> _Your objective_: Send back the data below exactly. Drop every picture.
(Records provided begins)
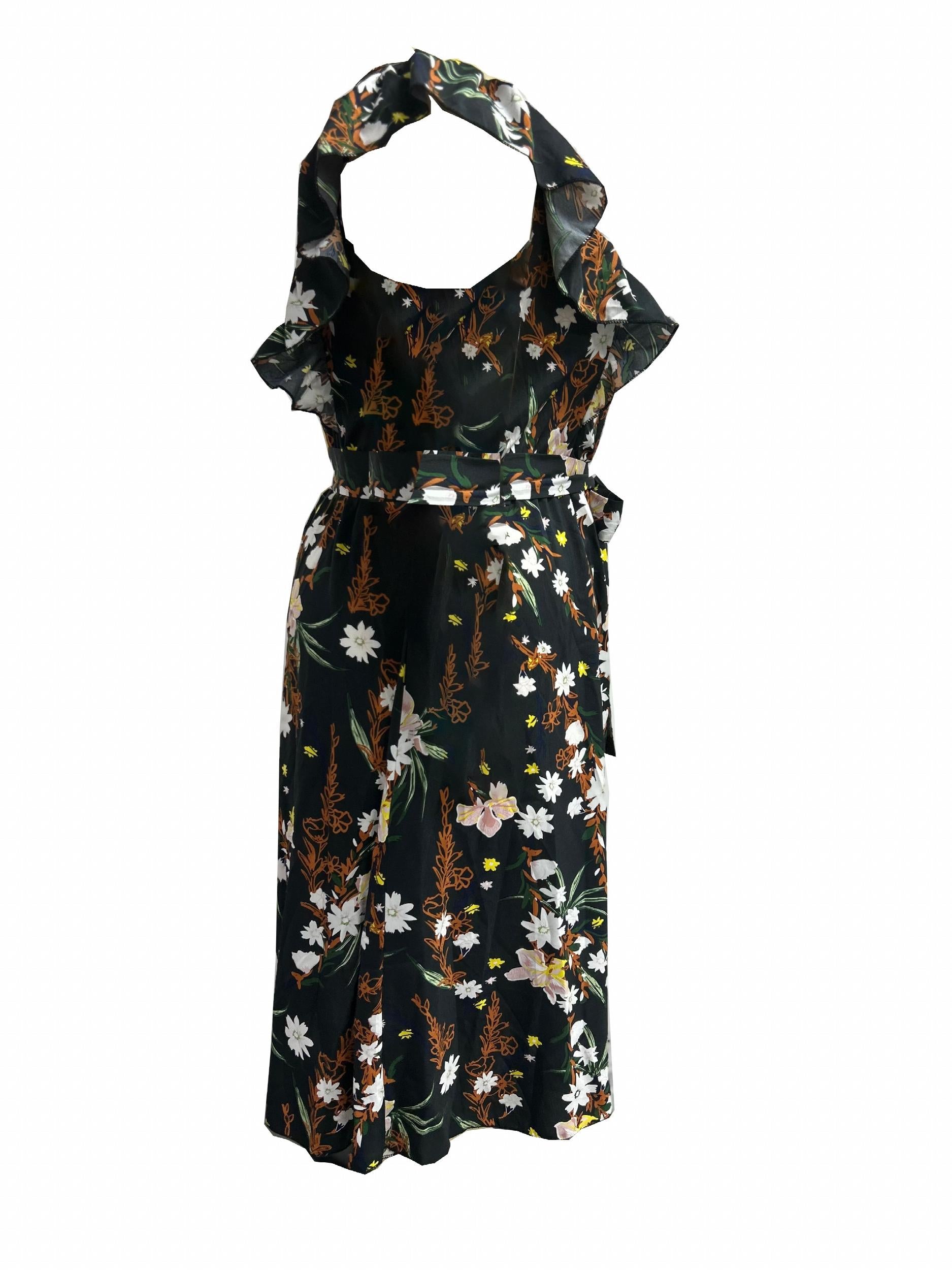  Floral Print Ruffle Trim Cap Sleeve Midi Dress With Belt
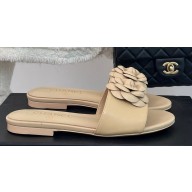 Chanel Heel 1.5cm Lambskin Mules with Camellia G45499 Beige 2024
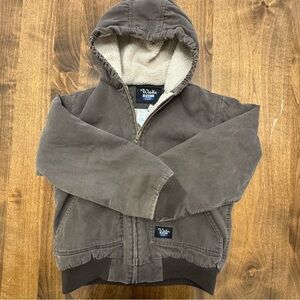 Vintage Walls Blizzard Pruf Full Zip Hooded Insulated Brown Canvas Utility Coat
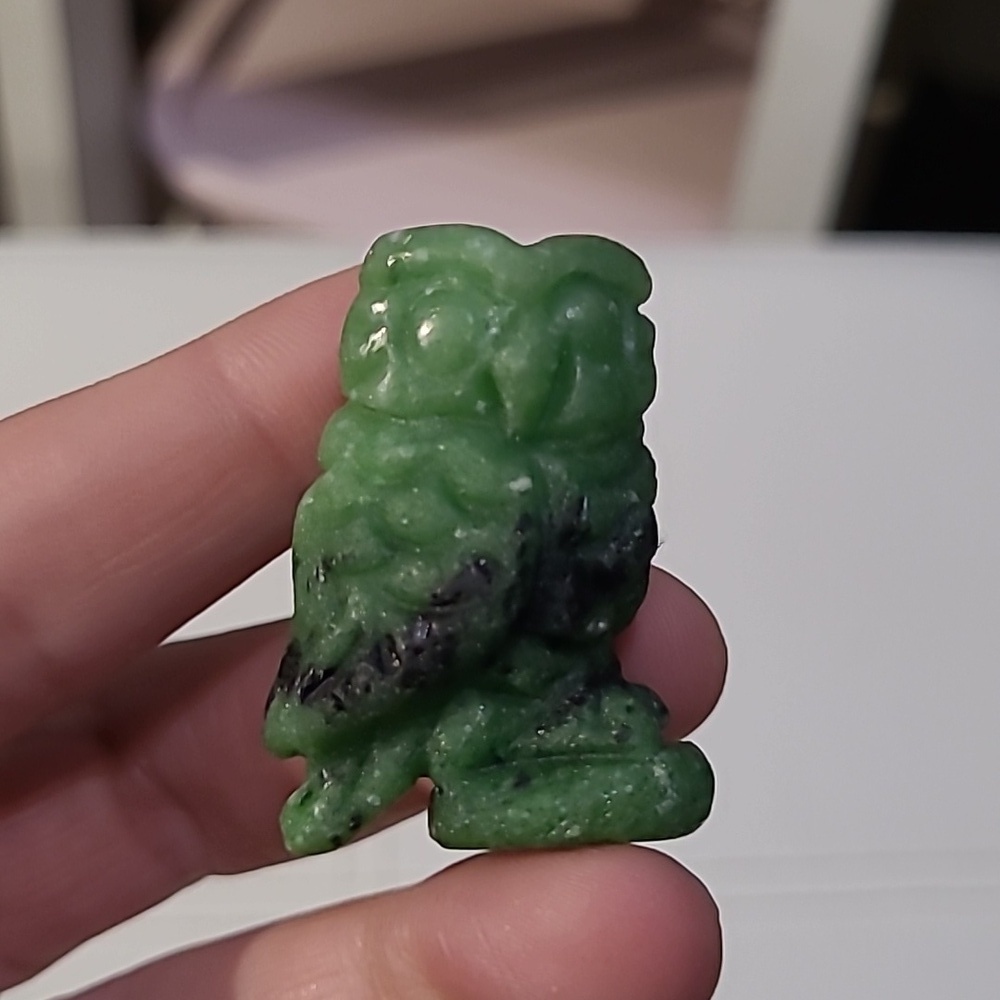 Ruby zoisite crystal owl carving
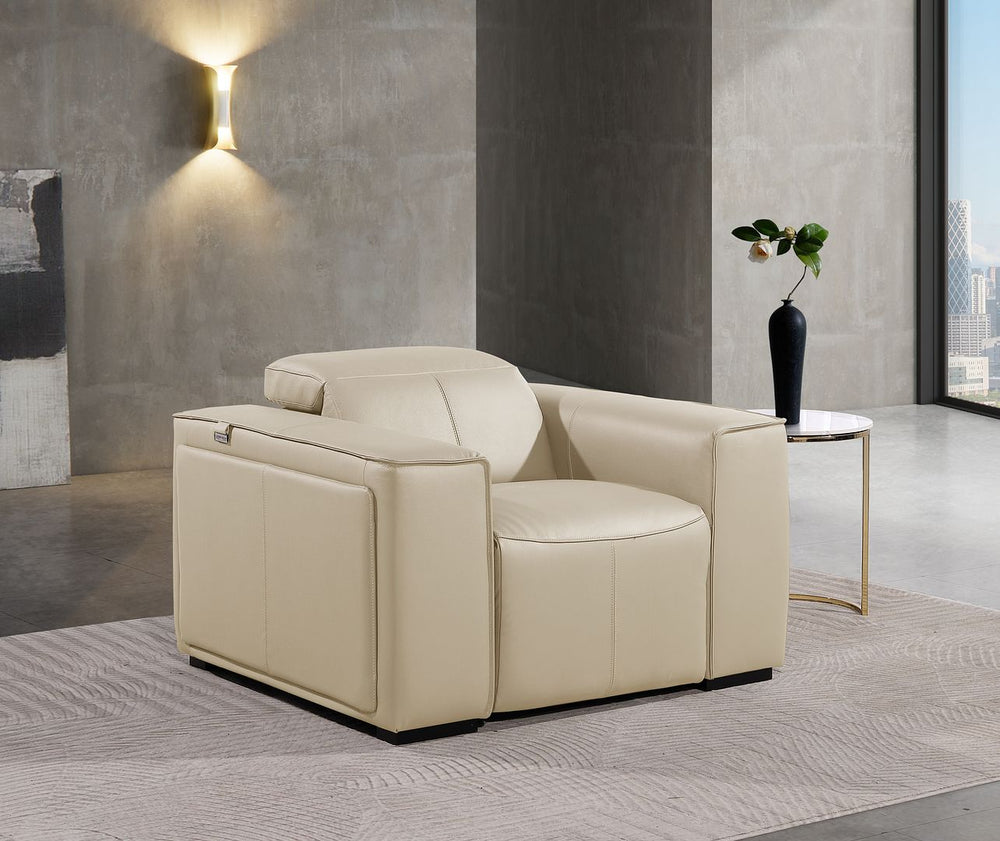 DivanItalia 1224 Top Grain Italian Leather Power Reclining Chair with Power Headrests - Beige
(Records provided ends)
> _Task solution_:
  Floral Print Ruffle Trim Cap Sleeve Midi Dress With Belt
 Chanel Heel 1.5cm Lambskin Mules with Camellia G45499 Beige 2024
 Vintage Walls Blizzard Pruf Full Zip Hooded Insulated Brown Canvas Utility Coat
 Ruby zoisite crystal owl carving
 DivanItalia 1224 Top Grain Italian Leather Power Reclining Chair with Power Headrests - Beige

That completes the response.